Bambang Susilo, petugas Seksi Perlindungan Hutan Dinas Kehutanan Kalsel mengatakan, hutan di kawasan ini juga menjadi tempat lokasi hutan reboisasi. Karena perusahan pemilik izin pinjam pakai yang diwajibkan melakukan rehabilitasi hutan. Mereka menanam aneka tanaman. Satu IPKH (Izin Pengelolaan Kawasan Hutan) bisa menanam 300 hektare.
“Saat ini sudah 1.500 hektare yang sudah ditanam perusahan pemegang izin pinjam pakai. Seperti PT Adaro yang mengggunakan lahan ratusan hektare.

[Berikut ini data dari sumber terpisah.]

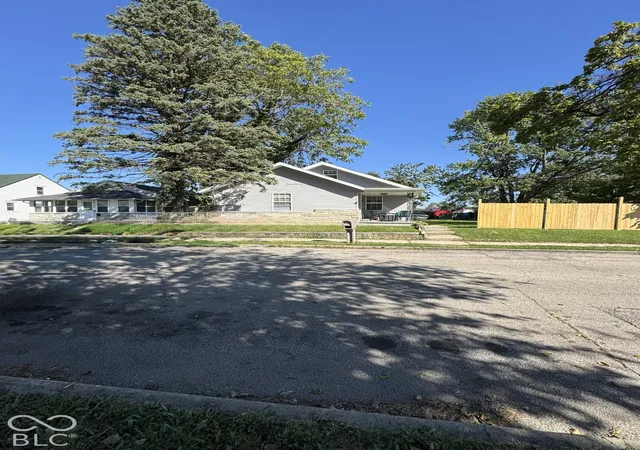 Photo 4 of Single family home for sale at 908 S Blaine Ave, Muncie, IN 47302 | MLS# 22129302 | Listing updated on 2026-10-24
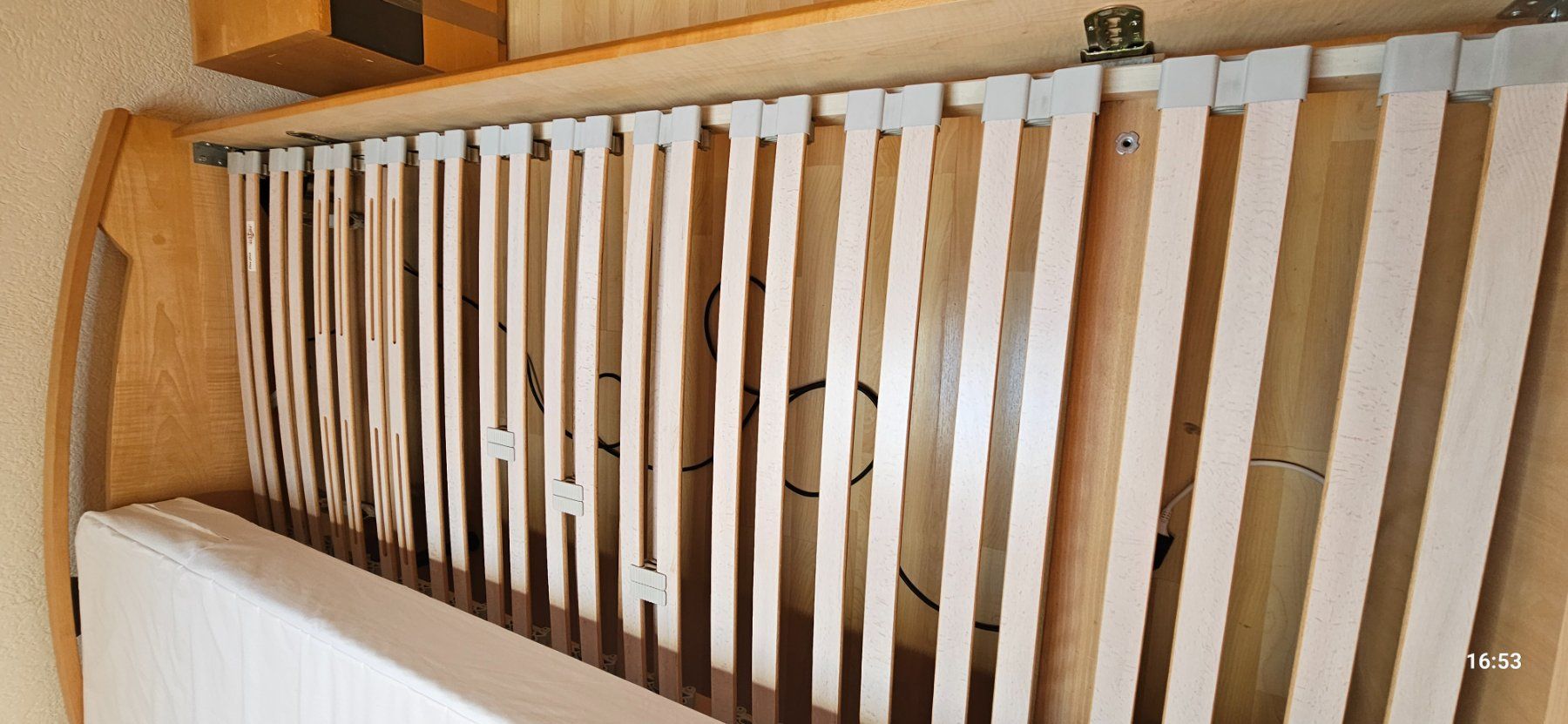 Tables: Komplett Paket Möbeln – D'occasion à Näfels par sch_ctj8 6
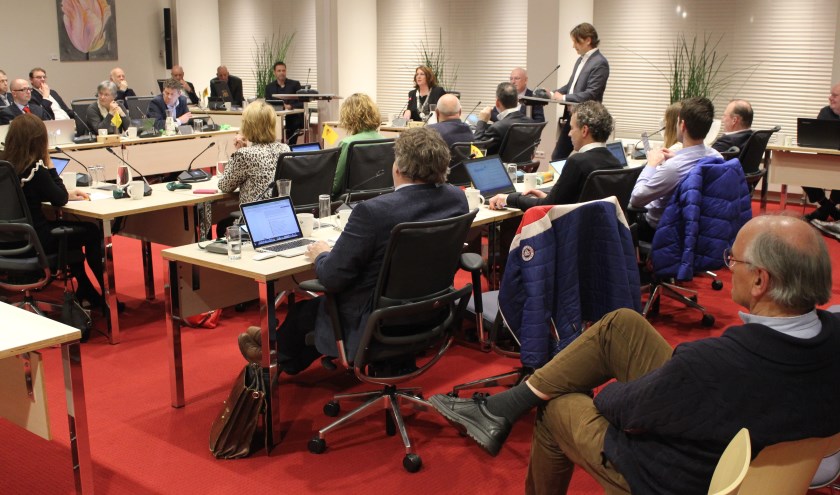 Raadslid Maarten van Welie (CDA) spreekt de raad toe, Alfred Pop, woordvoerder namens de erfgoedverenigingen, luistert. | Foto: Nico Kuyt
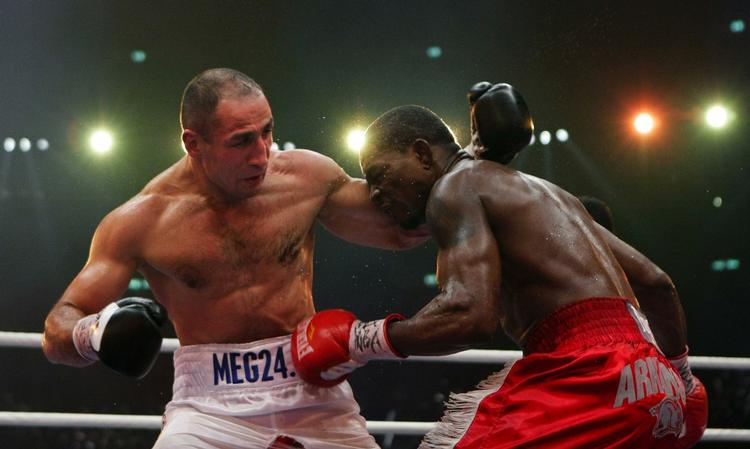 klar. Arthur Abraham og Jermain Taylor udveksler slag i den første Super Six-kamp. Arkivfoto.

Kewajiban mereka mengelola hutan ini semala tiga tahun. Dilakukan penilaian. Kalau diterima maka akan diserahkan lagi ke masyarakat. Nanti yang menikmati masyarakat,” kata Bambang.
Bambang juga menyebut, sebenarnya selain lewat jalur waduk, ke Belangian bisa ditempuh jalur darat. Tapi dengan kendaraan motor trail dan sejenisnya, karena jalan yang masih setapak. “Ini yang diharapkan masyarakat. Agar suatu saat bisa menggunakan jalur darat yang lebih cepat. Melewati Desa Kiram, meski jauh tapi karena jalur darat bisa lebih cepat,” katanya.
Bambang menyebut, di hutan itu juga masih banyak satwa endemik seperti rusa, kijang, macan, burung, rusa, beruang madu, babi hutan, bekantan dan lainnya. “Yang pasti, semua warga di sini bertanggung jawab memelihara hutan ini untuk sumber rezeki mereka. Juga untuk menghasilkan oksigen sebagai paru-paru dunia,” kata Bambang.
Melanjutkan perjalanan dengan ojek, kami dibawa ke sebuah titik yang terdapat pohon yang mencolok. Disebut pohon benuang laki yang berdiameter 2,25 meter dan tinggi 50-60 meter.
Diperkirakan sudah berumur sekitar 70-80 tahun. “Pohon ini istimewa. Sangat kuat dan berumur panjang. Akar tunjang besar dan kuat. Biasa digunakan untuk perkakas rumah tangga. Tapi yang ini tidak bisa ditebang karena berada di hutan lindung,” katanya.
Meninggalkan pohon “keramat” peserta bergerak ke ujung jalan yaitu di Sungai Lua. Di sana jalan beton berakhir. Perjalanan ini berjarak 1,7 KM saja dengan medan terjal. Meski ada juga yang terbuat dari rangkaian paving block. Panorama sungai dan bebatuan memang memesona di ujung sana.